The crows in the canopy above seemed to grow more restless. Caewen looked up more than once, wondering.
Dapple pipped up suddenly. “Hey oop there, look. There’s someone on the roadside.”
He was right. It looked as if a traveller had bundled themselves up under a heavy shawl or blanket, and sat down next to the road. They had a long and straight view under the beeches here, so Caewen and Dapple had plenty of time to consider the scene as they neared. The forest on either side was thin with little undergrowth. It didn’t seem like a place for an ambush.
“I suppose it’s a weary traveller,” said Caewen, not sounding very convinced. “Perhaps a sorcerer on their way to the moot?”
“Maybe,” said Dapplegrim. He didn’t elaborate. As they drew closer he started flaring his nostrils, sucking at the air, as if he was trying to draw in the whole of the woods, snorting and snuffling.
“Well?” said Caewen.
“An old woman.” Sniff. “Alone.
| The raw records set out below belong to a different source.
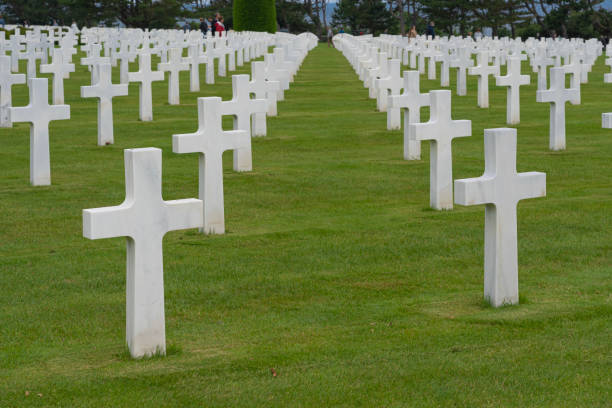 Colleville-Sur-Mer, France: Normandy American Cemetery Colleville-Sur-Mer, France - 08 03 2021: Normandy American Cemetery and Memorial and the Garden of the Missing world war ii cemetery allied forces d day stock pictures, royalty-free photos & images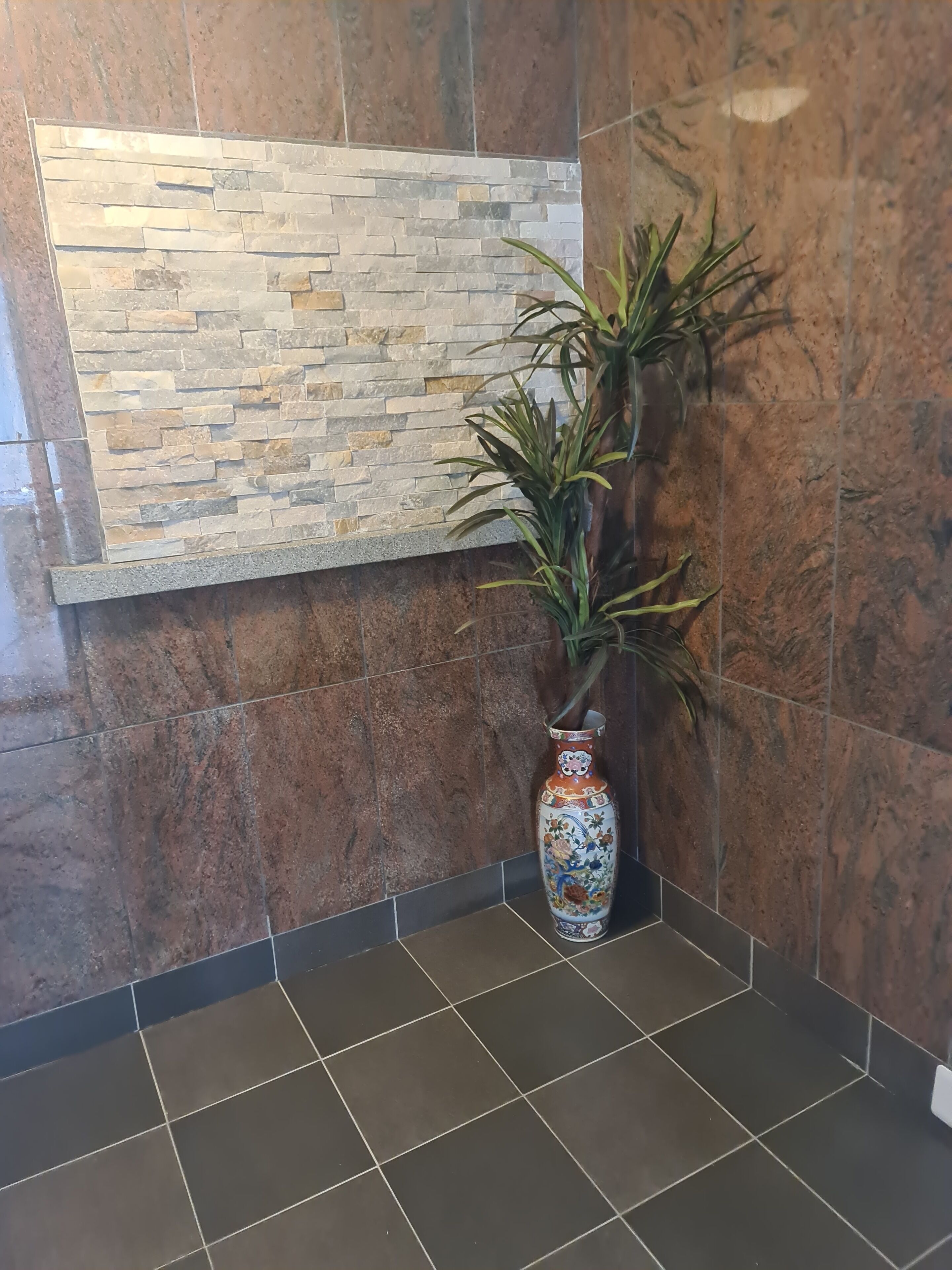 110-cm tv with digital channels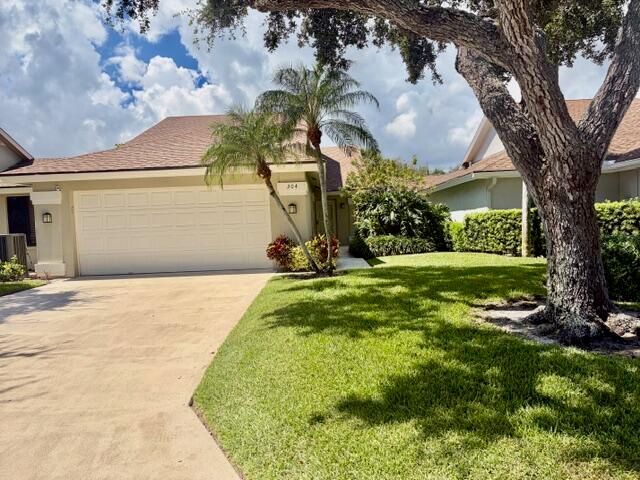204 Cape Pointe Circle, Jupiter, FL 33477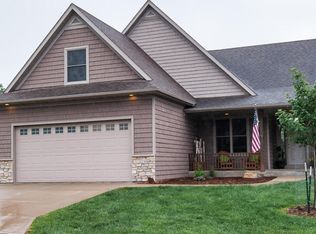 2230 Granite Cir NW, Rochester, MN 55901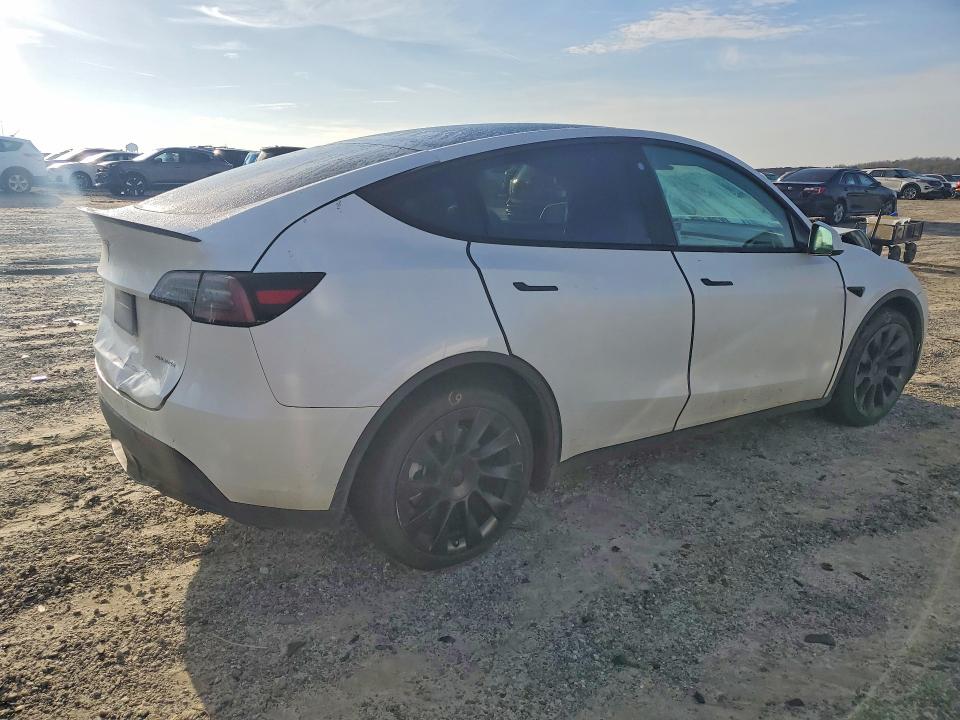 Продажа на аукционе авто 2023 Tesla Model Y, vin: 7SAYGDEE9PA047940, номер лота: 45662046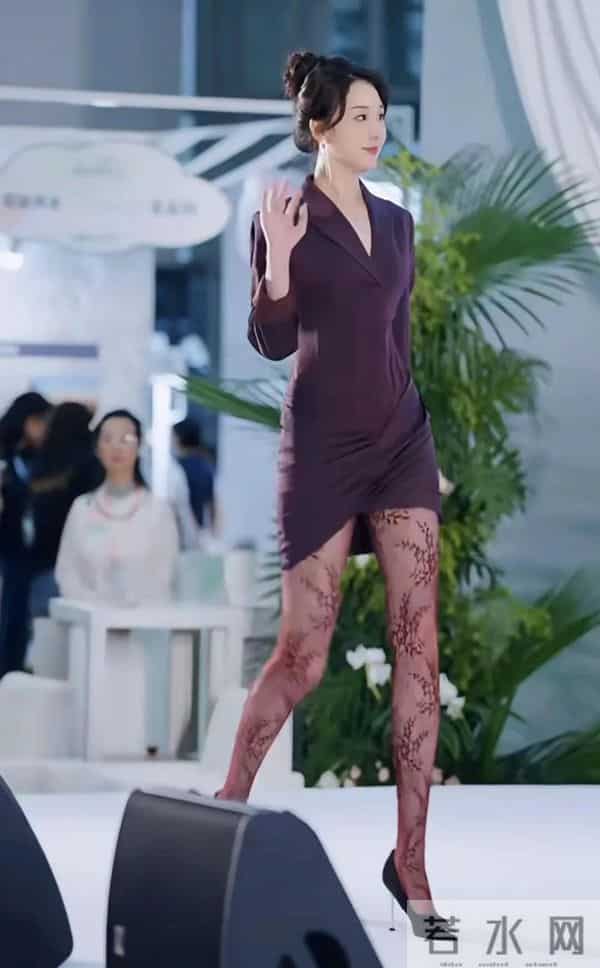 李沅桐亮相国际泉愈博览会 紫包臀裙配红花纹丝袜 韵味十足美腿吸睛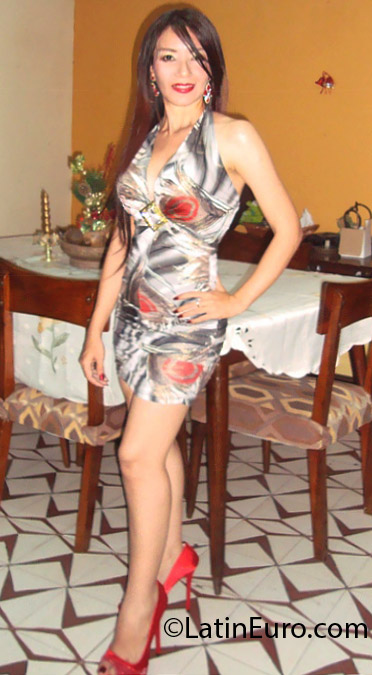 Date this attractive Colombia girl Maria Angel from Cartagena CO16229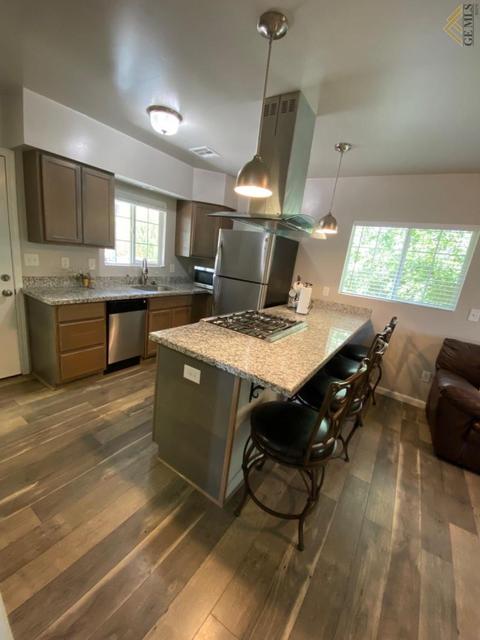 311 S 4th St, Taft, CA 93268 photo 7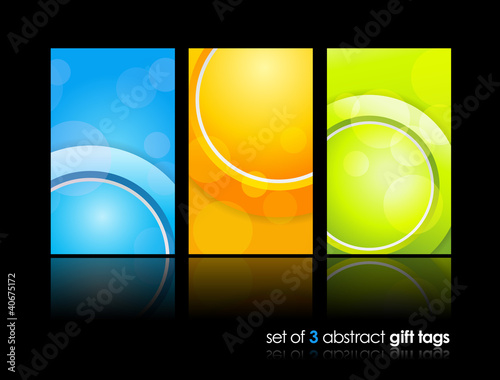3 separate gift cards with circles.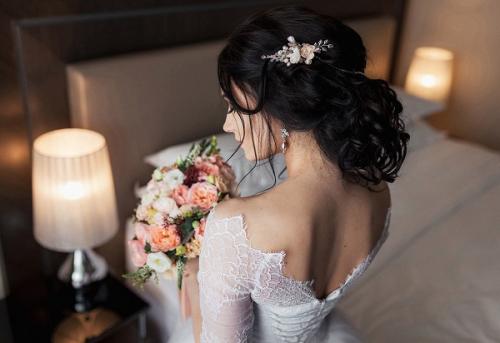 Греческая прическа с распущенными волосами. Божественный выбор: учимся делать свадебные прически в греческом стиле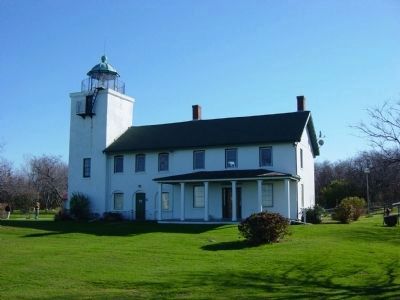 Horton Point Lighthouse. Click for full size. Horton Point Lighthouse image. Click for full size.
There’s no one else about.”
“So, maybe a broom-cutter or old woodcutter’s wife?”
Dapple shook his head. “No. Your first guess is closer I think. There is some magic here, but it’s faint. It’s in the air though, stirring about, all the same.”
When they were quite close, Caewen called out in a friendly way. “Hello there. How are you fine afternoon?”
Though the layers of cloth hanging off her were thick, it was still possible to see the bony curve of her spine under fabric. Several dishevelled curls of iron-grey hair hung lump from the wrap that otherwise hid most of her head. A jutting old lip, splodged with age, blue with veins, was visible too, gleaming with a sheen of spit. There was a slight quiver to her. Perhaps she was infirm. After waiting a moment, it was obvious the woman was not going to reply. Instead she just kept rocking where she crouched. Dapplegrim gave out a sound like a low huff. “Well,” he muttered. “Impolite.”
But Caewen frowned, and swinging a leg over the saddle, she got down. “Hush now, you.” Her first couple steps were uncertain and sore. She had been in the saddle since they’d stopped for a midday meal. Besides which, she was still not fully accustomed to long days riding. Muscles twinged with soreness up and down her legs. Taking another, slightly less painful step she said, “Hello there? Are you alright?”
Caewen was close to the woman now. As bent over, reaching out, Caewen dimly heard Dapplegrim raise his voice and yell, “Caewen! Don’t!”
She froze but was too late. The old woman snatched her right hand out at Caewen and took hold. Her fingers felt like steel shrinking as it cools after the forge. Caewen wrenched her hand back but could not pull against the strength. As she tried to tear herself away, the old woman stood up and her age fell from her. The rags and tatters flaked away like bits of old skin from a snake, becoming instead a rich gown of deep crimson and black, decorated with garnets as red and bright as fresh-sprayed blood. The skin that had been wrinkled and patched with age-spots changed too, but this alteration was stranger: the right-side of the her face and body turned young and beautiful, skin flushed with health, eye sparkling. The left side gathered a grey and dead sheen, touched here and there with corpse-blue. The left eye turned milky and lifeless. Her hair on the left seemed somehow more brittle and faintly discoloured. The line between youthful and dead ran like a welt down her forehead, nose and chin, neck, to vanish inside the folds of the dress.